Okay, so let's look at what happens here. Remember that DoSomething, lengthy_calculation() and SomethingDone() all ran in another thread. Their entire call stack begins at RunInNewThread(). You can't tell which function called it. If you try to backtrace it, you get something like this:

#0   0x0123 in SomethingDone ()
#1   0x4567 in DoSomething ()
#2   0x89ab in thread_runner ()
#3   0xcdef in start_thread () from /lib64/libpthread.so.0
#4   0x1337 in clone () from /lib64/libc.so.6

Got that? You can only trace back as far as where the thread started somewhere in your system's C libraries. gdb's "bt" is of limited use to you in this world.

"But Rachel", you say, "I know that DoSomething() always gets called as a result of StartSomething() being called earlier, so if I see the one, I know the other one happened somewhere too". Well, maybe, maybe not.

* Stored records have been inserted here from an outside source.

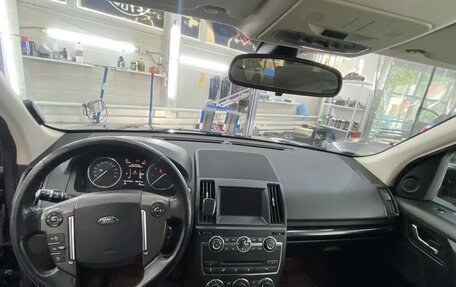 Land Rover Freelander II рестайлинг 2, 2013 год, 2 099 000 рублей, 4 фотография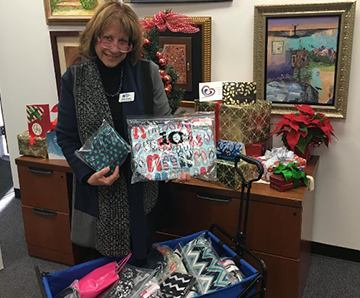 Rachel Wojtylko helping out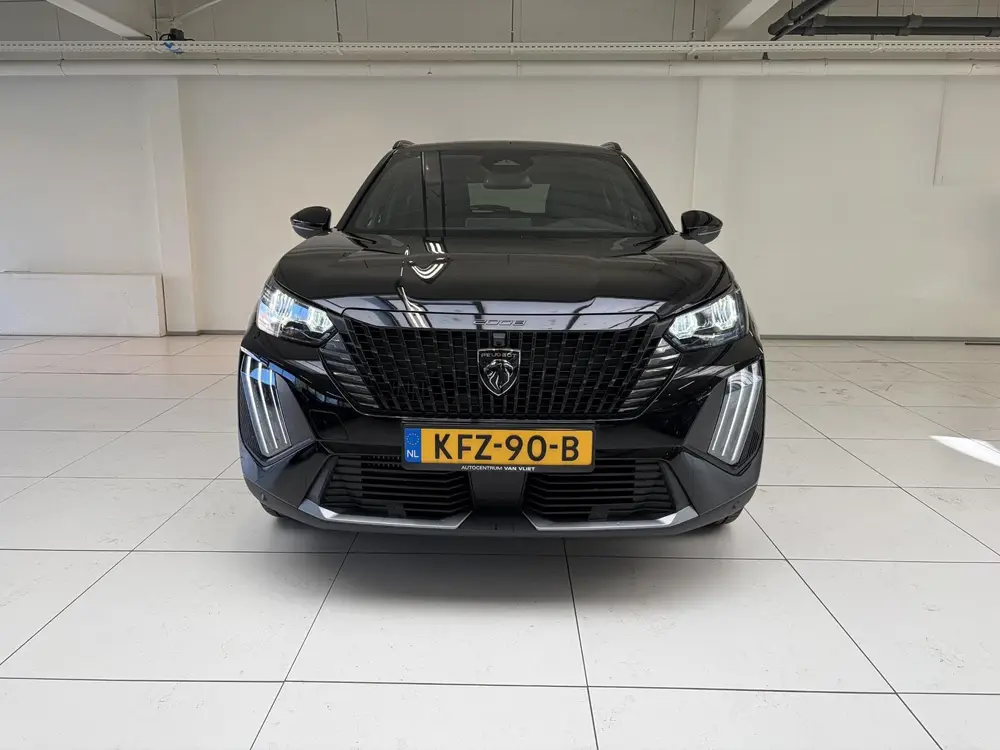 Peugeot 2008 1.2 Hybrid 145 GT uit 2026, foto 6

What if there have been *two* calls to StartSomething() in the time you're trying to unwind? Which one of those calls lead to the particular instance of this "bottom half" thread which then blew up? What if it's 10, or 100? How do you tell them apart?

Short of plumbing some kind of request identifier all the way through your system and making sure it surfaces in places like log entries and gdb dumps, you can't tell. There are just too many moving pieces to keep track.

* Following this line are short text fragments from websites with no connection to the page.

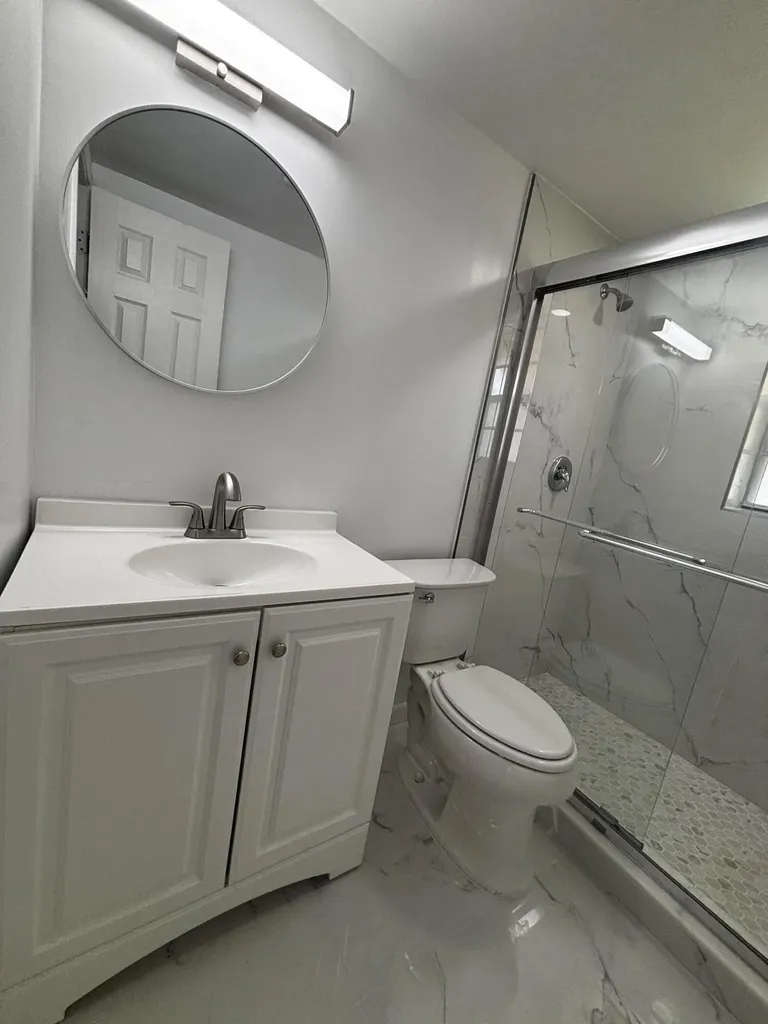 204 Salisbury I West Palm Beach FL 33417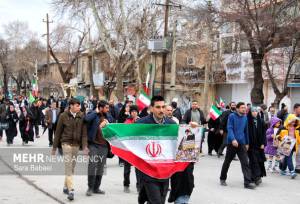 کرمانشاه صحنه یکی از بی‌نظیرترین راهپیمایی‌ها شد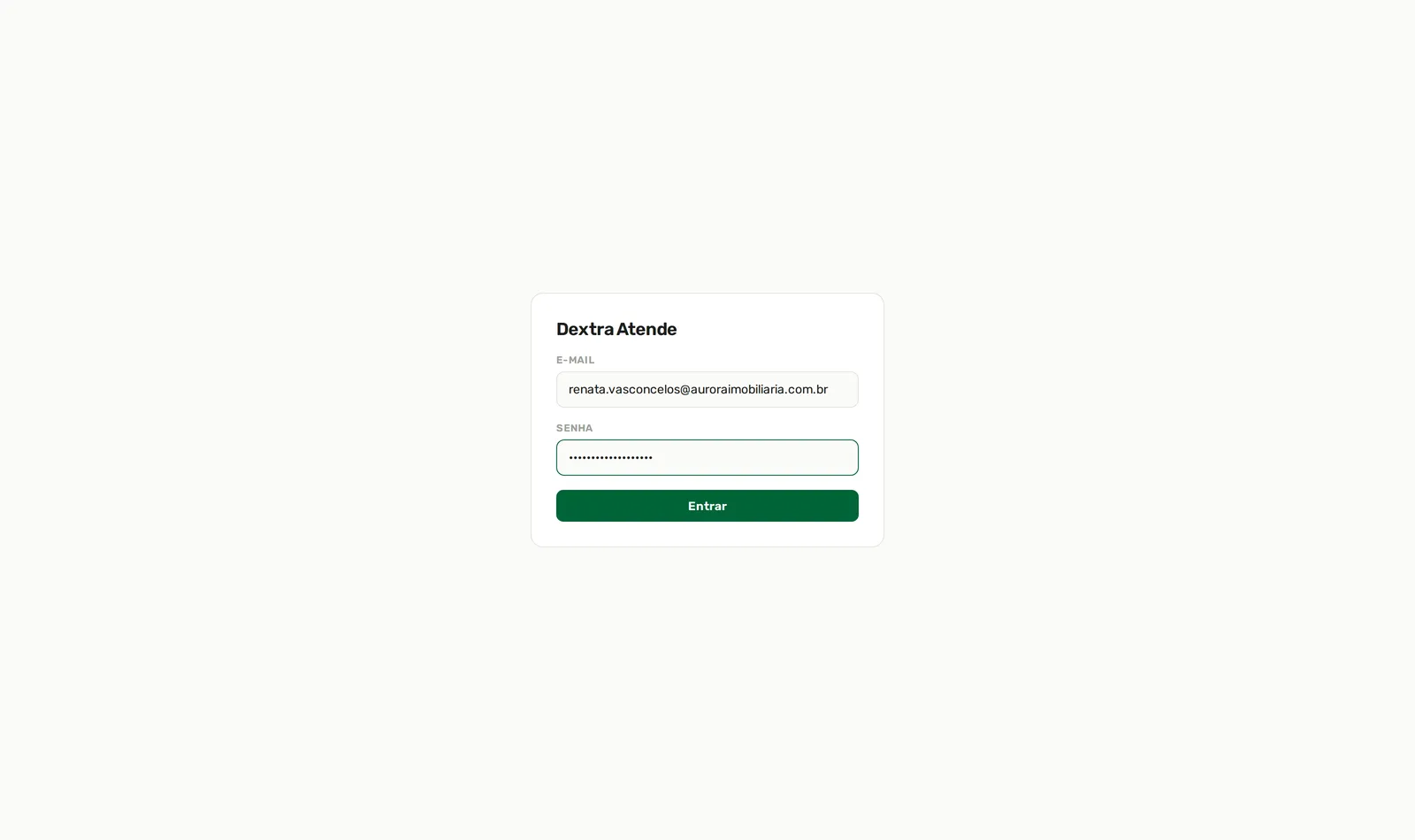 Renata, gerente comercial da Aurora, é quem entra.
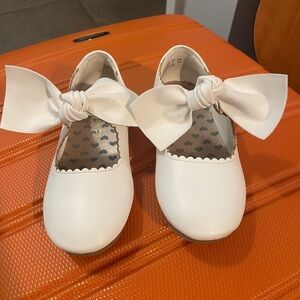 Elegant White Faux Leather Little Girls Flats with Bow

And wait, it gets better. Nothing says that StartSomething() is the only thing which can call DoSomething(). Any other part of your code which can see DoSomething() can create a Closure pointing to it and then hand it off to be run in another thread.

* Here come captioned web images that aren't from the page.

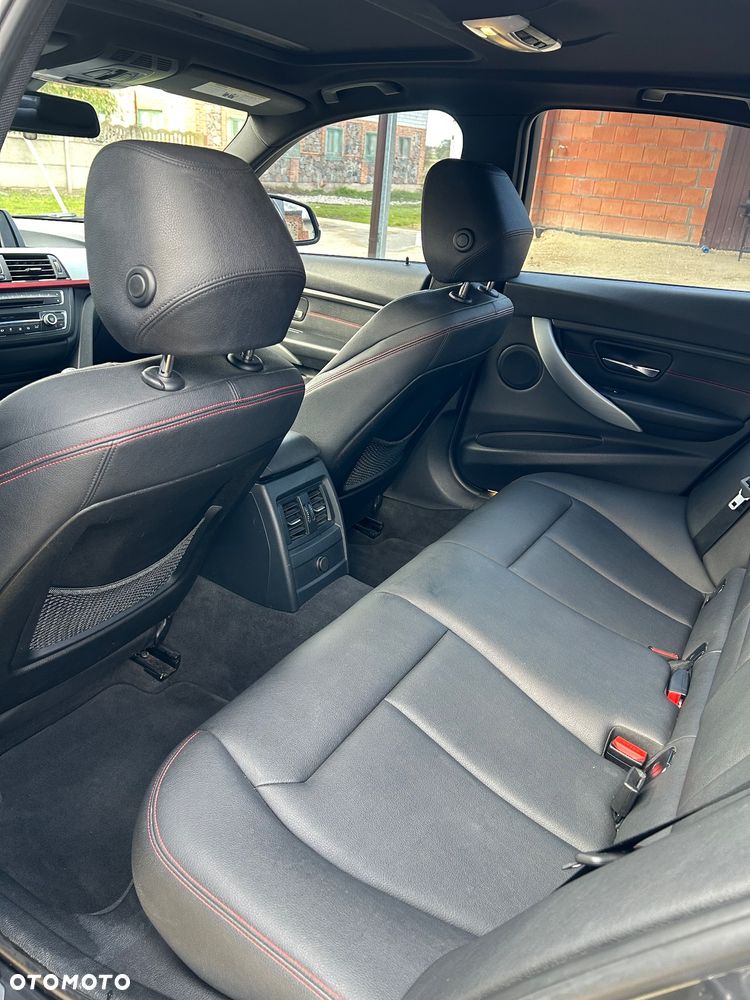 BMW Seria 3 335i - 13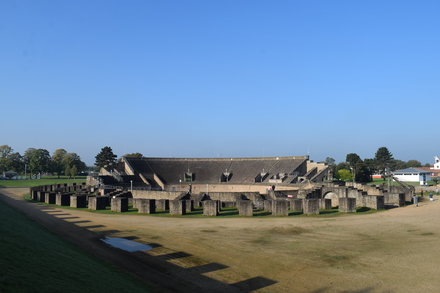 Amfitheater Colonia Ulpia Traiana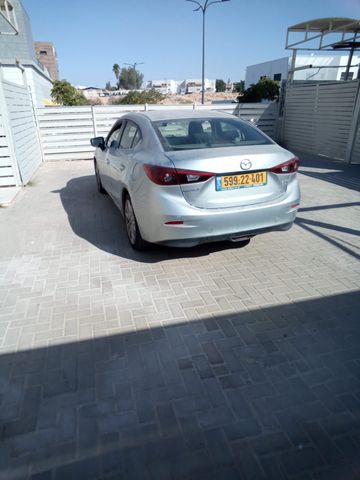 מודעת רכב מאזדה 3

Maybe some clever maintenance programmer comes along later and creates something like this:

void MyClass::StartSomethingElse() {
  Closure* done = NewCallback(this, &MyClass::SomethingDone, 0xabcd);
 
  RunInNewThread(DoSomething(0xbcde, done));
}

Now you have two routes into DoSomething and SomethingDone! How do you know which one was used to get in there? Again, given just this, you don't know. This crazy new function actually went and hard-coded the values instead of using a variable, and they don't even match! Imagine your surprise when you find out that they're not the same when called this way.

The final horror I will tell in this tale is about nested Closures. Recall that you can create a closure and pass it arguments which then wind up going to the target function. Well, a closure is just a pointer, and a pointer can be an argument, so why not this?

void Func1(Closure* cb) {
  Closure* done = NewCallback(&Func3, cb);
  RunInNewThread(Func2(done));
}
 
void Func2(Closure* cb) {
  Closure* done = NewCallback(&Func5, cb);
 
  lengthy_calculation();
 
  RunInNewThread(Func4(done)):
}
 
void Func3(Closure* cb) {
  cb->Run(wrap_up_result());
}
 
void Func4(Closure* cb) {
  another_calculation() {
  cb->Run();
}
 
void Func5(Closure* cb) {
  did_lengthy_calc_ = true;
  cb->Run();
}

Are you dizzy yet? Quick, in which order do things run? Which ones run serially and which ones run in parallel? How many threads are used here? How many entry points are there to this cascade of calls and callbacks? What was this guy smoking when he designed this?

All of this and worse is currently running in production somewhere, babysitting services that you probably rely on.

This is what passes for "the finest in software engineering" today. Give me a break.

I'll pick this one up in a future post and talk about what you can do about it.